REQUIREMENT >>
Below are entries with pictures among them; reproduce exactly, and only, the lines from the one containing "Personalisierter Korkenzieher mit" down to the one containing "젠냥이 인간들에게 버려진 들개들을 위로하다", without the pictures.

RECORDS FOR THE EXERCISE >>
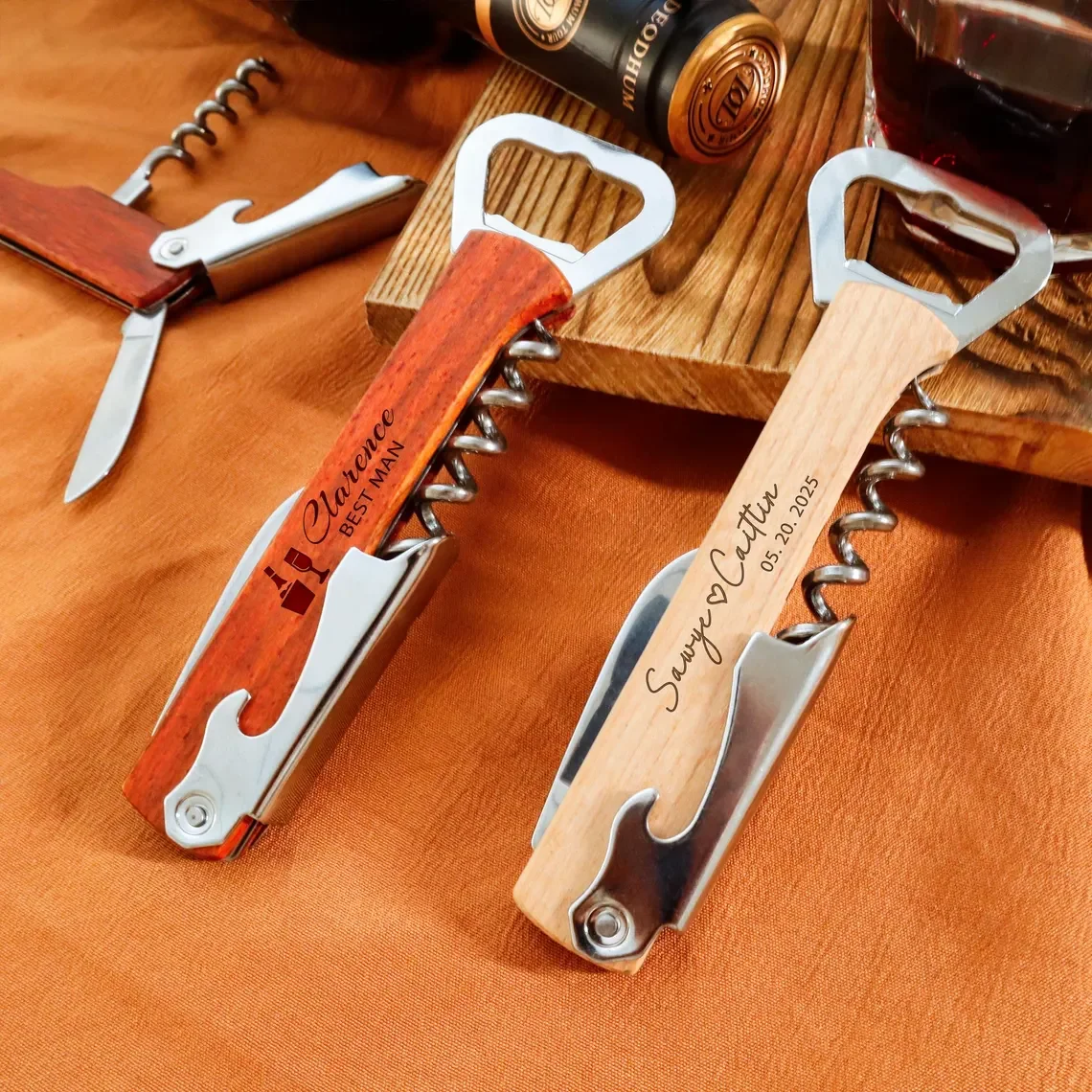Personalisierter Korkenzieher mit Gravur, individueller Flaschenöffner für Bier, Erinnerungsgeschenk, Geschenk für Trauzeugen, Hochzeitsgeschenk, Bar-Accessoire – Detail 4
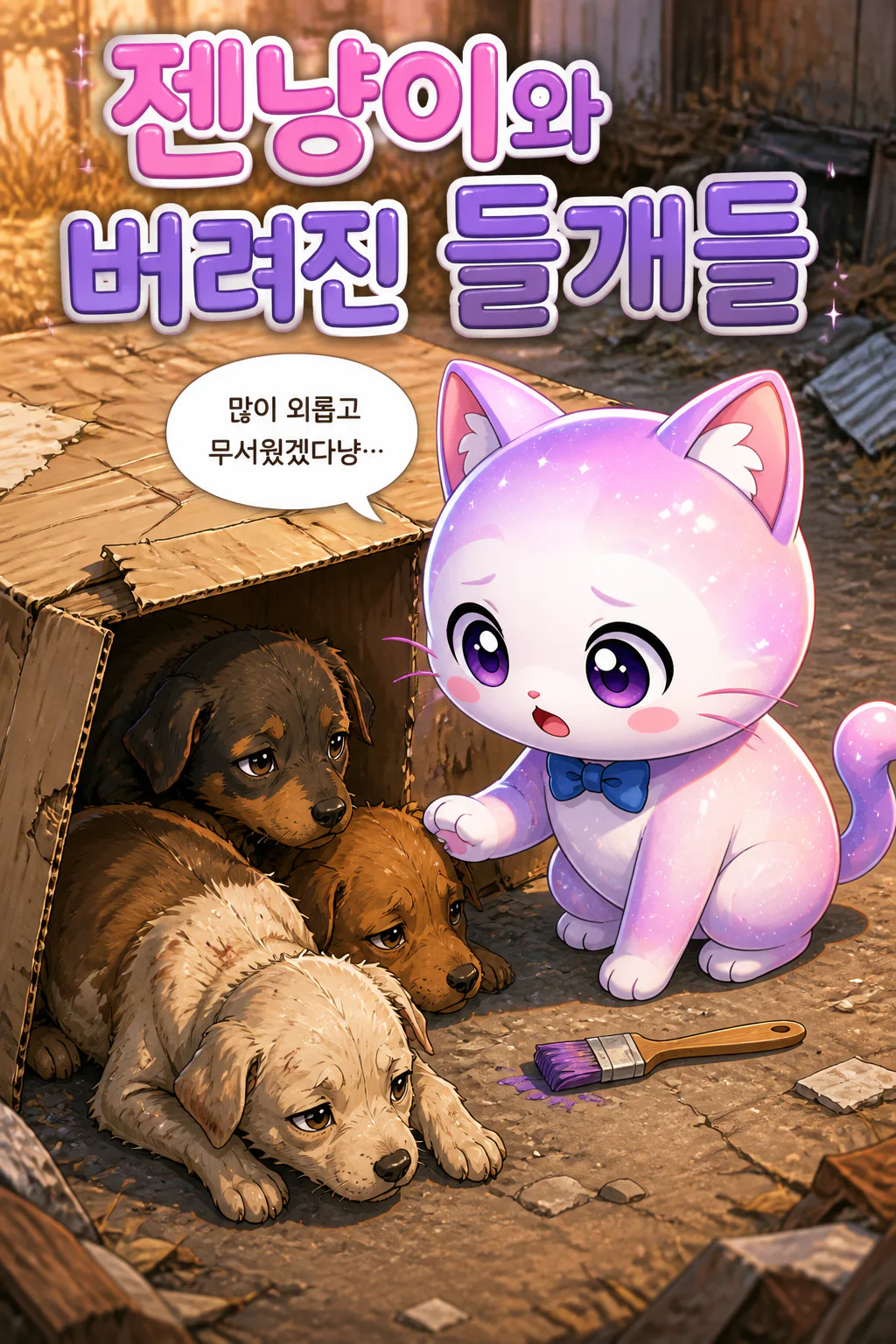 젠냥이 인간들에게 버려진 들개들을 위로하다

* * *

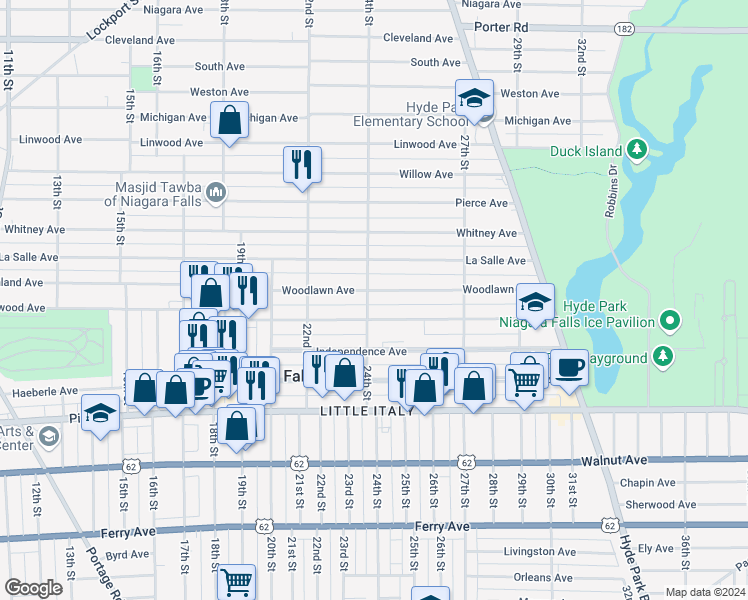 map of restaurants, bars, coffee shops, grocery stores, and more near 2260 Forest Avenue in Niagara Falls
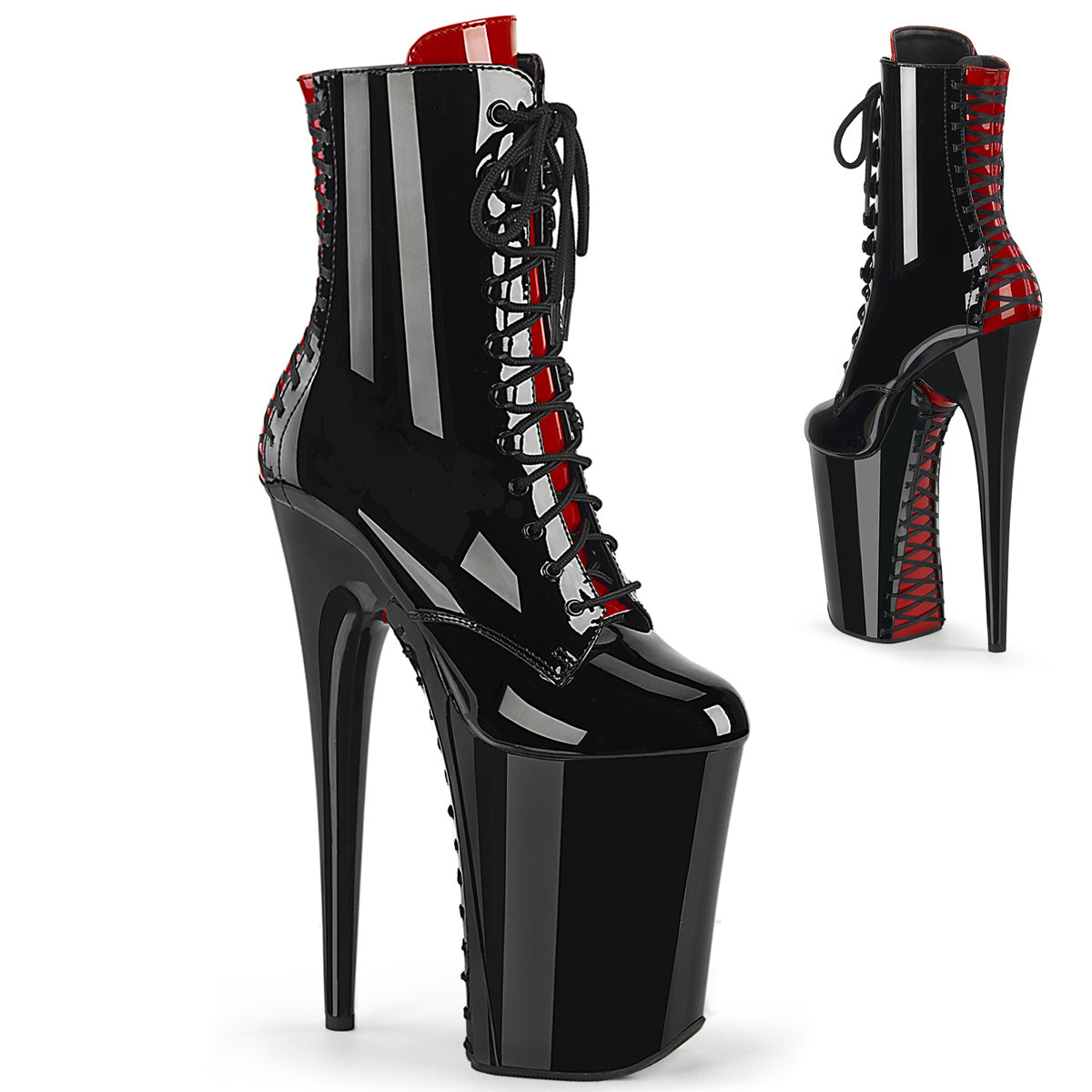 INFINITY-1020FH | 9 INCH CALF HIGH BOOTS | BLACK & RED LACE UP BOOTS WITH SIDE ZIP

ANSWER BELOW >>
Personalisierter Korkenzieher mit Gravur, individueller Flaschenöffner für Bier, Erinnerungsgeschenk, Geschenk für Trauzeugen, Hochzeitsgeschenk, Bar-Accessoire – Detail 4
 젠냥이 인간들에게 버려진 들개들을 위로하다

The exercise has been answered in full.